Hey guys, just want to note in this thread as well that .clone() does not work on maps that carry a groupKey.
This works:
#!/usr/bin/env nextflow
nextflow.enable.dsl = 1
/*
* Defines the pipeline inputs parameters
*/
Channel
.from( [ "sample_name":"sample_A" ], [ "sample_name":"sample_B" ], [ "sample_name":"sample_C" ] )
.set { samples_ch }
Channel
.from( ["scaffolds", "file_s"], ["contigs", "file_c"])
.set { genomes_ch }
samples_ch
.combine( genomes_ch )
.map { sample_info, genome_name, index ->
def tmp = sample_info.clone()
tmp.genomeName = genome_name
return [tmp, tuple(genome_name), index] }
.view()
This does not work:
#!/usr/bin/env nextflow
nextflow.enable.dsl = 1
/*
* Defines the pipeline inputs parameters
*/
Channel
.from( [ "sample_name":"sample_A" ], [ "sample_name":"sample_B" ], [ "sample_name":"sample_C" ] )
.set { samples_ch }
Channel
.from( ["scaffolds", "file_s"], ["contigs", "file_c"])
.set { genomes_ch }
samples_ch
.combine( genomes_ch )
.map { sample_info, genome_name, index -> tuple(groupKey(sample_info, 1), genome_name, index )}
.map { sample_info, genome_name, index ->
def tmp = sample_info.clone()
tmp.genomeName = genome_name
return [tmp, tuple(genome_name), index] }
.view()
@Midnighter I think the +
syntax will work great for most people, but it's yet another example of how I think the Nextflow docs just need to have more comprehensive docs on Groovy syntax, instead of only linking to other sources.
@diego-rt Would the +
syntax I showed above solve your problem without having to use clone()
?
Actually yes, the +
syntax seems to work just fine.

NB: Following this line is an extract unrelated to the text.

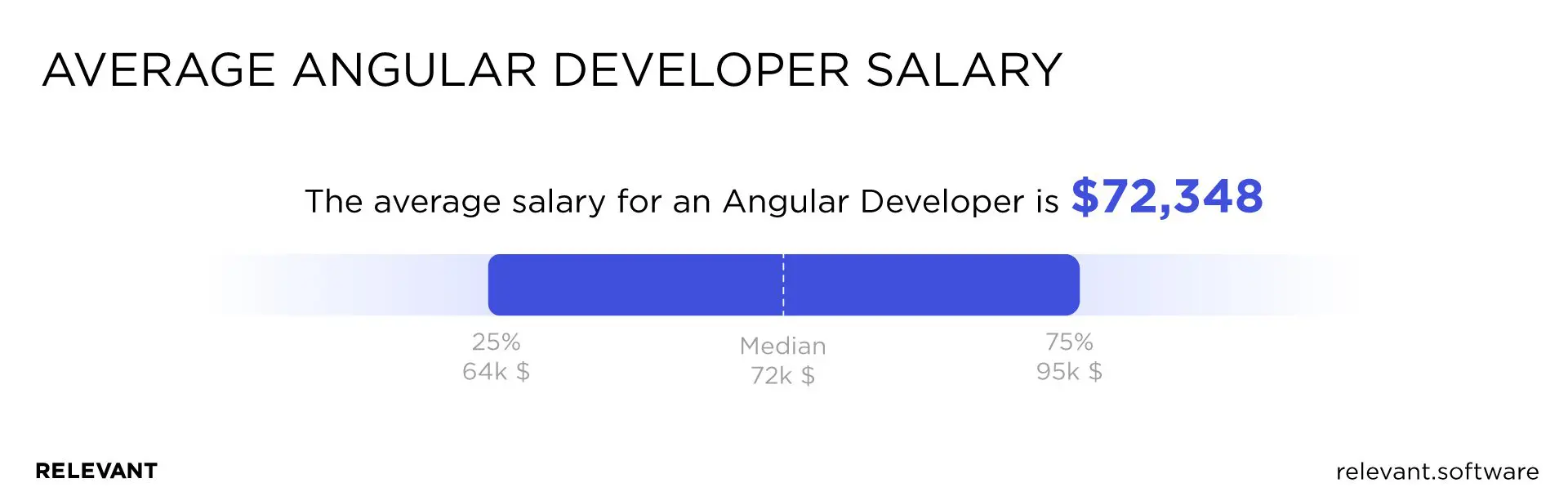 average Angular.js developer salary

It doesn't seem to preserve the groupKey of the object though.
Btw, also another thing that seems to be missing AFAIK is a way to remove the groupKey from an object.
This issue has been automatically marked as stale because it has not had recent activity. It will be closed if no further activity occurs. Thank you for your contributions.
In order to keep this alive, just wanted to comment that I've started using the +
operator more and more @bentsherman . I've grown to like it a lot. It's very concise yet explicit about what's happening.